Monday, September 25, 2023

The Kid Detective (2020)


 ☆ ☆ ☆ ½

The Kid Detective (2020) – E. Morgan

As a big fan of the private detective genre, I love a film that knowingly tweaks genre conventions.  There are a lot of misfires out there but fortunately The Kid Detective is a winner. Even if, in the story, he’s actually a bit of a loser.  Adam Brody (who I did not know because I did not watch the O. C.) is all grown up, early 30s, but still living with the repercussions of his successful childhood role as a self-styled “kid detective” who solved crimes for the principal and other local adults, not to mention other kids.  However, he couldn’t solve the mystery of the abducted girl from his class – and this is where the movie proves to be a dark comedy.  Abe Applebaum (Brody) is giving it a go as a private detective, but in reality, he’s not very good and his life is sort of falling apart.  He’s haunted by the signs of his earlier and current failure.  So, when a teen girl shows up asking him to solve the murder of her boyfriend, an actual murder, he takes the case and is forced to go back to his high school (and his high school memories) to try to crack the case.  His methods prove unfortunate (including an arrest) but it is all played for comedy, but unsettling comedy (not for kids) even if you guffaw.  Remarkably, writer-director Evan Morgan (who hasn’t done anything since), manages to keep the story going and even drops hints that would allow you to solve the case (or not, but in retrospect, these are cool).  And there’s a pay-off at the end and some emotional release.  Not a masterpiece but a fun genre film (by someone who loves the form) with something extra for the fans.

 

Thursday, September 21, 2023

The Serpent’s Egg (1977)


 ☆ ☆ ☆

The Serpent’s Egg (1977) – I. Bergman

Ingmar Bergman’s first film shot outside of Sweden (and second in English, after 1971’s The Touch).  This stars David Carradine (selected based on his work on the Woody Guthrie biopic Bound for Glory, 1976) and Bergman’s muse Liv Ullmann.

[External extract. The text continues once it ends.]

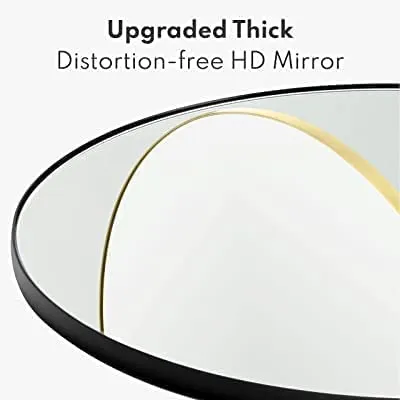 Cheval Glass Beveled Designer Oval Wall Mirror with Multicolored Frame - (24 X 24 Inches, Multicolor)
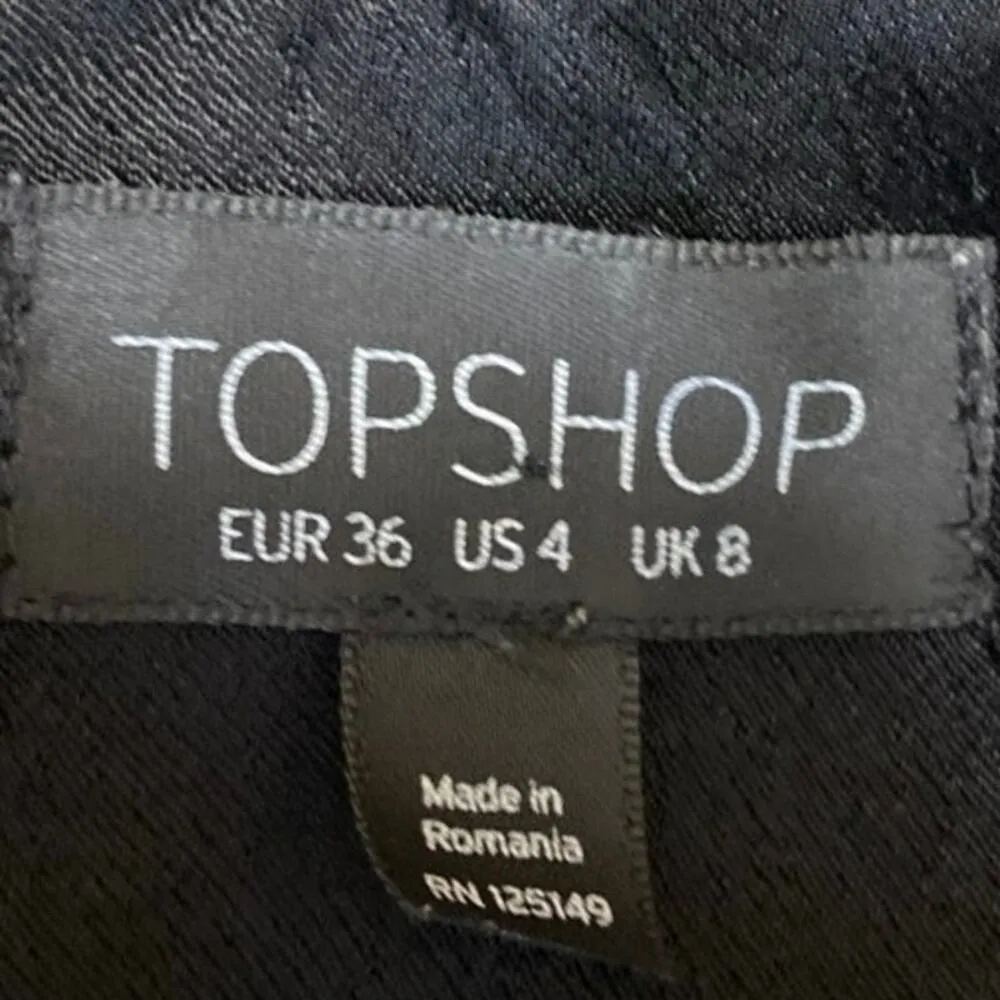 Topshop Black Sleeveless Tie Strap Button Up Cami Tank Mini Slip Dress Size 4 - Image 4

It takes place in 1923 Berlin where inflation has made the Deutschmark completely worthless. Carradine is a former trapeze artist now out of work and a Jew.  The latter is significant because Bergman seems to want to say something about the factors that led to Hitler’s rise and the Holocaust. But he takes a long time to get to the point (and to reveal the meaning of the title).  So, for most of the film, we are treated to Carradine (as Abel Rosenberg) wandering Berlin, often drunk, in and out of the cabaret where his ex-sister-in-law (played by Ullmann) works.  He is frequently interviewed by the police (led by Goldfinger’s Gert Fröbe) who seem supportive but overly interested in his whereabouts and doings (based on his brother’s suicide and his proximity to other recent victims, murders or suicides).  It seems as though we may get a murder mystery from Bergman but it doesn’t really end up that way – instead, we are treated to a sort of twist ending, meant to foreshadow later Nazi experimentation on humans (even as Hitler’s short-lived Munich Putsch is ironically used to suggest he has no future as a leader in Germany).  Bergman does establish a compelling time and place here (with his biggest budget yet) but Carradine is an odd fit for the role and the looseness of the screenplay leaves viewers wondering too much of the time.      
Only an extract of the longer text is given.